Your job is to write a program that takes a list of currency exchange rates as input and then determines whether arbitrage is possible or not.
 

Input
The input file will contain one or more test cases. Om the first line of each test case there is an integer n (1<=n<=30), representing the number of different currencies. The next n lines each contain the name of one currency. Within a name no spaces will appear. The next line contains one integer m, representing the length of the table to follow. The last m lines each contain the name ci of a source currency, a real number rij which represents the exchange rate from ci to cj and a name cj of the destination currency. Exchanges which do not appear in the table are impossible.
Test cases are separated from each other by a blank line.
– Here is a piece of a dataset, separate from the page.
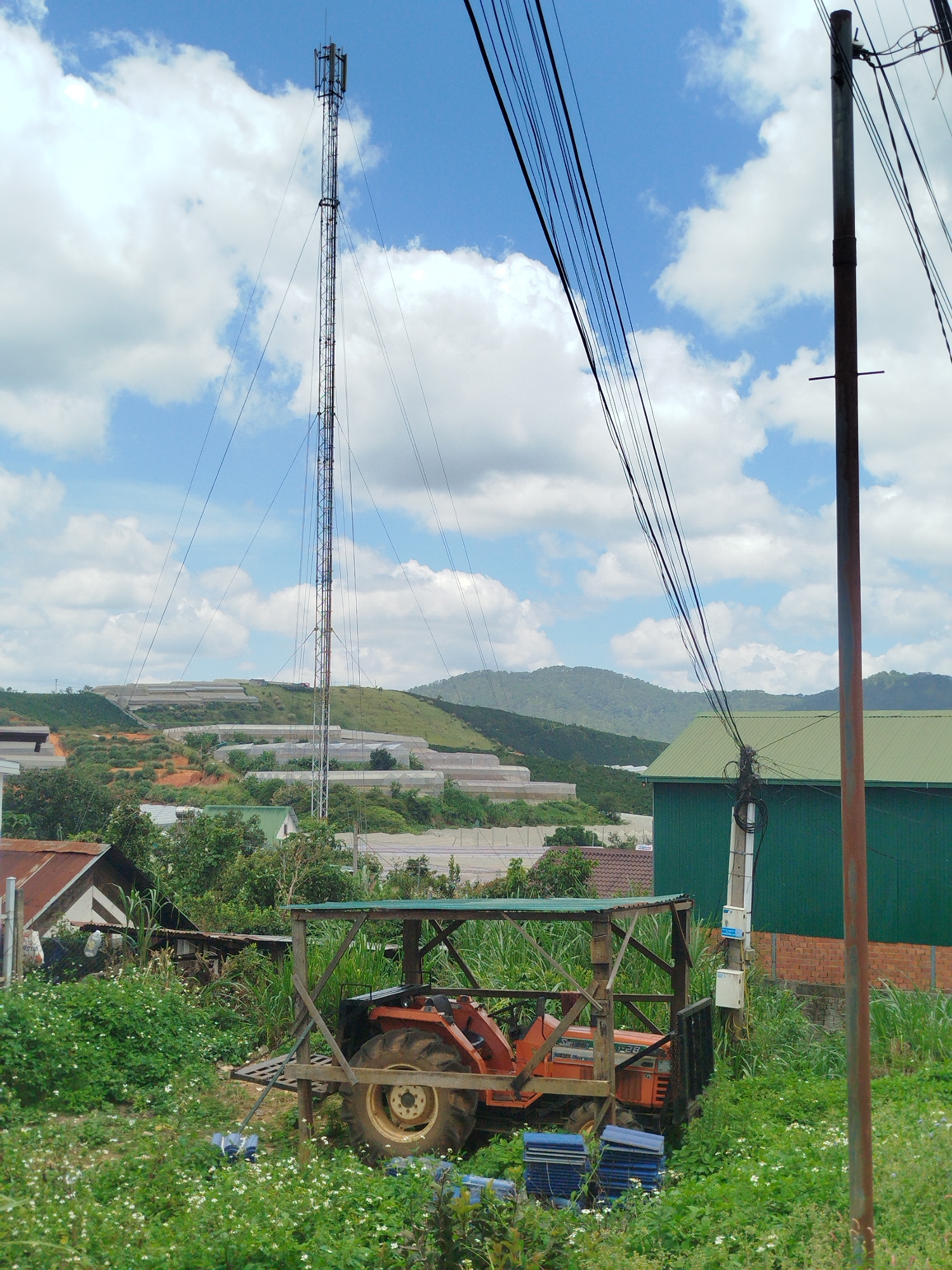A rustic scene unfolds in Thôn 6, Vietnam, under a bright, cloudy sky. In the foreground, a red tractor sits under a makeshift wooden shelter with a green tarp roof. It is surrounded by lush green grass and white wildflowers. To the left of the shelter, a small house with a rusted metal roof is visible, and further back, several other buildings with green roofs are scattered amongst trees. In the middle ground, a tall communications tower stands prominently against the sky, its metallic structure crisscrossed with guy wires. Beyond the tower, rolling hills are covered with numerous greenhouses, suggesting agricultural activity in the area. Power lines run diagonally across the image, supported by a tall, rusty pole on the right side of the frame, with electrical boxes attached to a utility pole near the green building. The overall atmosphere is one of rural life, with a blend of modern infrastructure and natural landscape.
Input is terminated by a value of zero (0) for n. 
 

Output
For each test case, print one line telling whether arbitrage is possible or not in the format "Case case: Yes" respectively "Case case: No". 
 

Sample Input
3
USDollar
BritishPound
FrenchFranc
3
USDollar 0.5 BritishPound
BritishPound 10.0 FrenchFranc
FrenchFranc 0.21 USDollar

3
USDollar
BritishPound
FrenchFranc
6
USDollar 0.5 BritishPound
USDollar 4.9 FrenchFranc
BritishPound 10.0 FrenchFranc
BritishPound 1.99 USDollar
FrenchFranc 0.09 BritishPound
FrenchFranc 0.19 USDollar

0
 

Sample Output
Case 1: Yes
Case 2: No

#AC码

/*
Floyd更新一遍，检查自己对自己的汇率是否大于1
*/
#include<bits/stdc++.h>
using namespace std;
#define Max_n 32
double D[Max_n][Max_n];
map<string,int> Map;
int N,M;
void Floyd()
{
    for(int k=1;k<=N;k++)
        for(int i=1;i<=N;i++)
            for(int j=1;j<=N;j++)
            {
                if(D[i][j]<D[i][k]*D[k][j])
                    D[i][j]=D[i][k]*D[k][j];
            }
}
int main()
{
    //freopen("1217.txt","r",stdin);
    int Case=0;
    while(cin>>N,N)
    {
        //
        Map.clear();
        for(int i=1;i<=N;i++)
            for(int j=1;j<=N;j++)
            {
                if(i=j)
                    D[i][j]=1;
                else
                    D[i][j]=0;
            }
        //
        for(int i=1;i<=N;i++)
        {
            string Name;
            cin>>Name;
            Map[Name]=i;
        }
        //
        cin>>M;
        for(int i=1;i<=M;i++)
        {
            string u,v;
            double cost;
            cin>>u>>cost>>v;
            D[Map[u]][Map[v]]=cost;
        }
        //
        Floyd();
        //
        int flag=0;
        for(int i=1;i<=N;i++)
        {
            if(D[i][i]>1)
            {
                flag=1;
                break;
            }
        }
        if(flag)
            cout<<"Case "<<++Case<<": Yes"<<endl;
        else
            cout<<"Case "<<++Case<<": No"<<endl;
    }
}